The Mother Temple of Bali may be the most important temple on the whole island but foreign visitors increasingly skip it because it’s not worth the hassle. “This place is run by gangsters, ” says one blogger. “Rude children followed us everywhere, shouting taunting jibes; overbearing ‘guides’ at the entrance demanded money even though we had paid,” says another. “Besakih is awful and the tourist authority should do something about this,” blogs yet another.
Besakih Temple is located on the slopes of Mount Agung, the holiest place on the island. When Mount Agung erupted in 1963 killing almost two thousand people, the flow of lava missed the temple by only a few meters, which only increased its esteem within this largely Hindu community.
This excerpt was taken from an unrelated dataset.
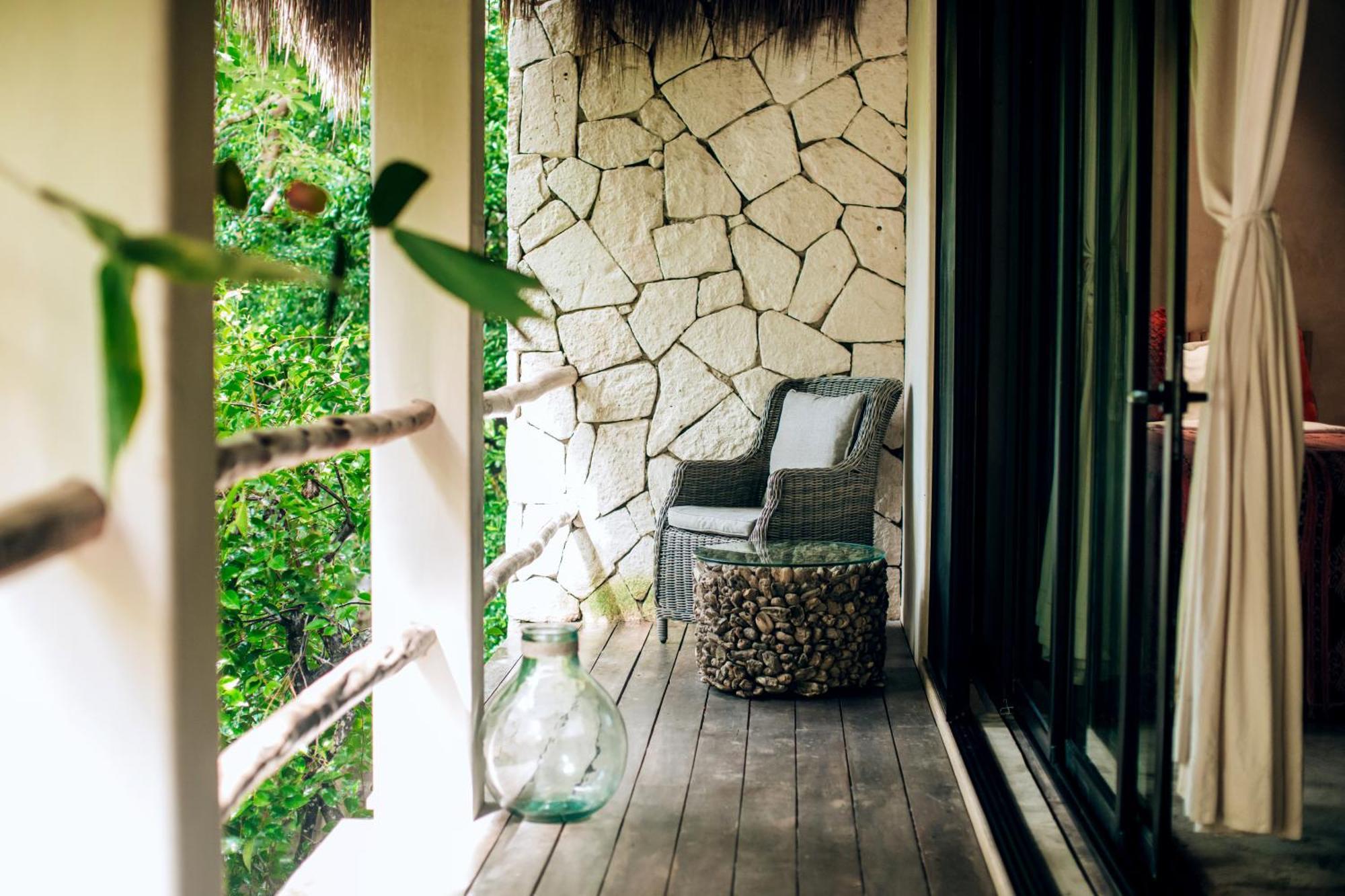 Hotel Orchid House Jungle Tulum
Besakih is actually an extensive complex made up of a number of temples and shrines, some which are off-limits to non-worshippers. Visitors can spend a few hours climbing the steep stairs, making their way up the mountain but I chose to stay near Pura Penataran Agang, the symbolic centre, built on six levels and the largest and most important temple.
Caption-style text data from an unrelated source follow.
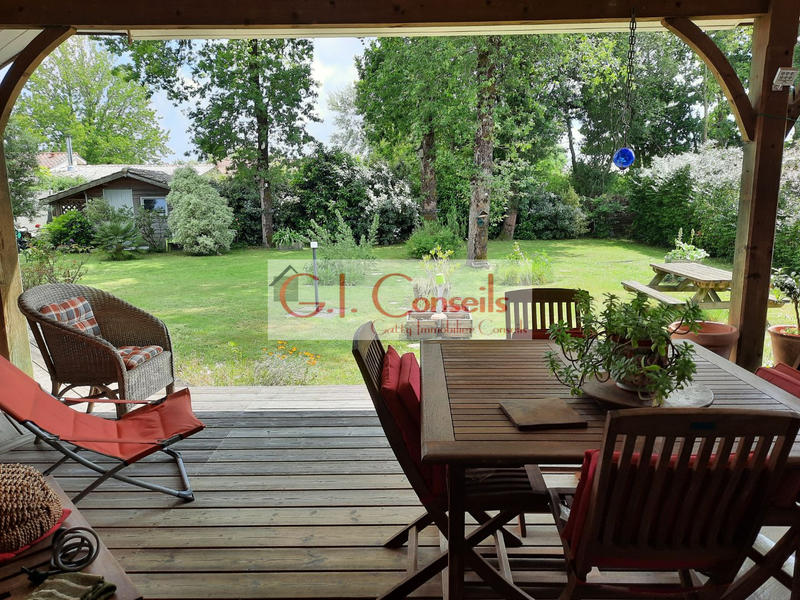 Maison - 125 m² - 5 pièces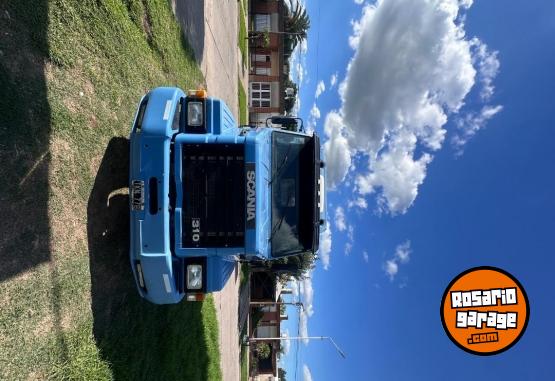 Camiones y Grúas - Scania - En Venta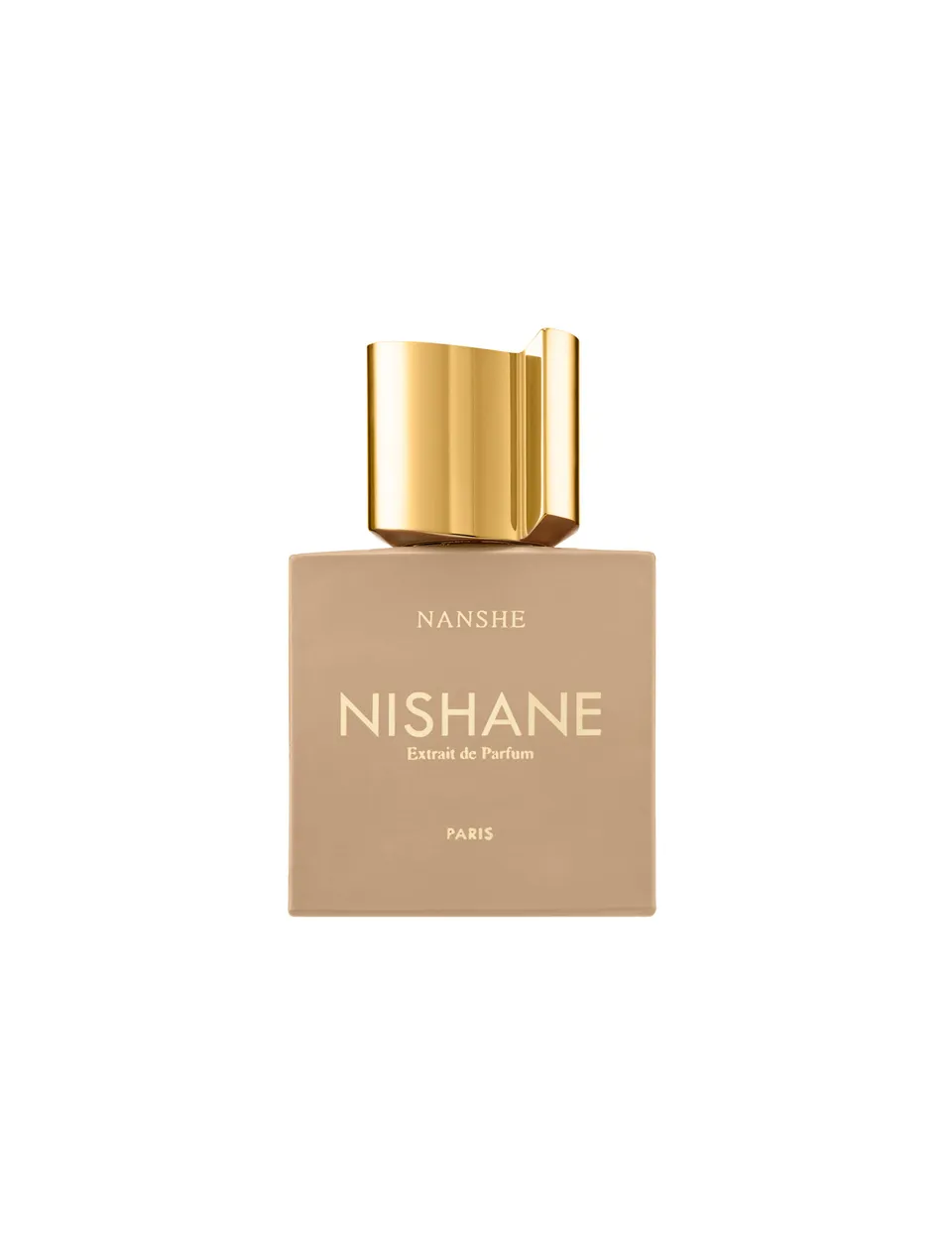 Nishane Nanshe extrait de parfum rose poudrée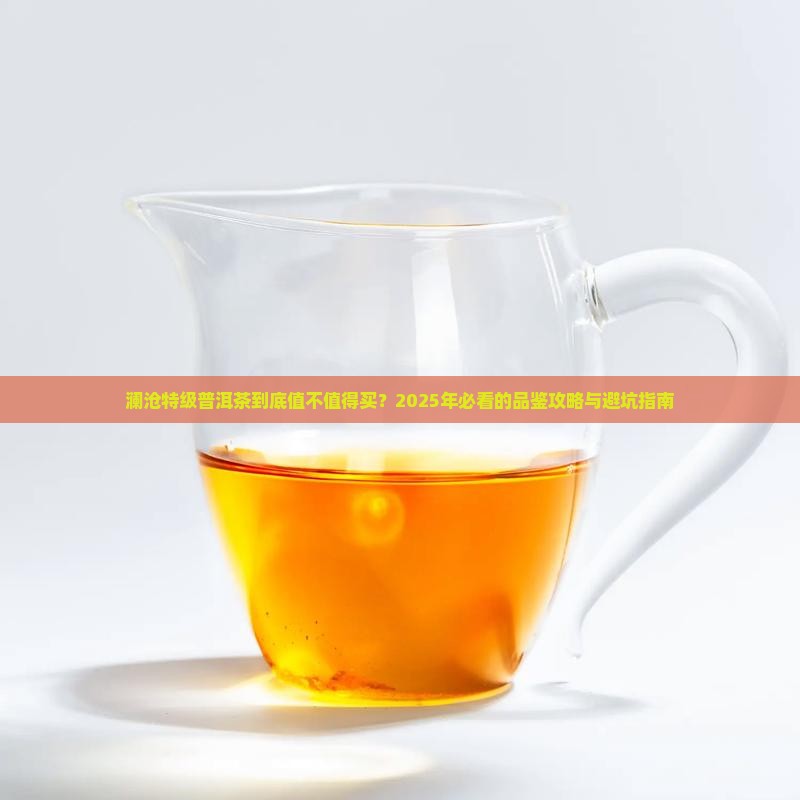 澜沧特级普洱茶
Gods don’t live in Balinese temples; they go there when there is a special ceremony. The Besakih Temple has many special ceremonies simply because each of the temples and shrines within it has a birthday that must be celebrated. I visited during the full moon in March and on that day ceremonies are held in Hindu temples all across Bali. The phases of the moon are particularly important to the Balinese, with the most important days being the full moon (purnama) and the new moon (tilem).
The day I was there was also Buda Keliwon Pegatuwakan, the full moon day that ended the Galungan festivity that takes place every 210 days. On that day, women carry ‘towers’ of fruit on their head as they make their way to their temple to thank the gods for the fruits of the Earth; I saw several of them walking elegantly along the side of the road as we drove to the mountain from Ubud but I refrained from taking a photo for the load each was carrying was quite extraordinary and I didn’t want to disturb their concentration. As part of the festival, long, curved bamboo poles were placed on both sides of the road for miles and miles; they were decorated with palm leaves, corn cobs, coconuts, a piece of white or yellow cloth and other offerings as thanks to the gods.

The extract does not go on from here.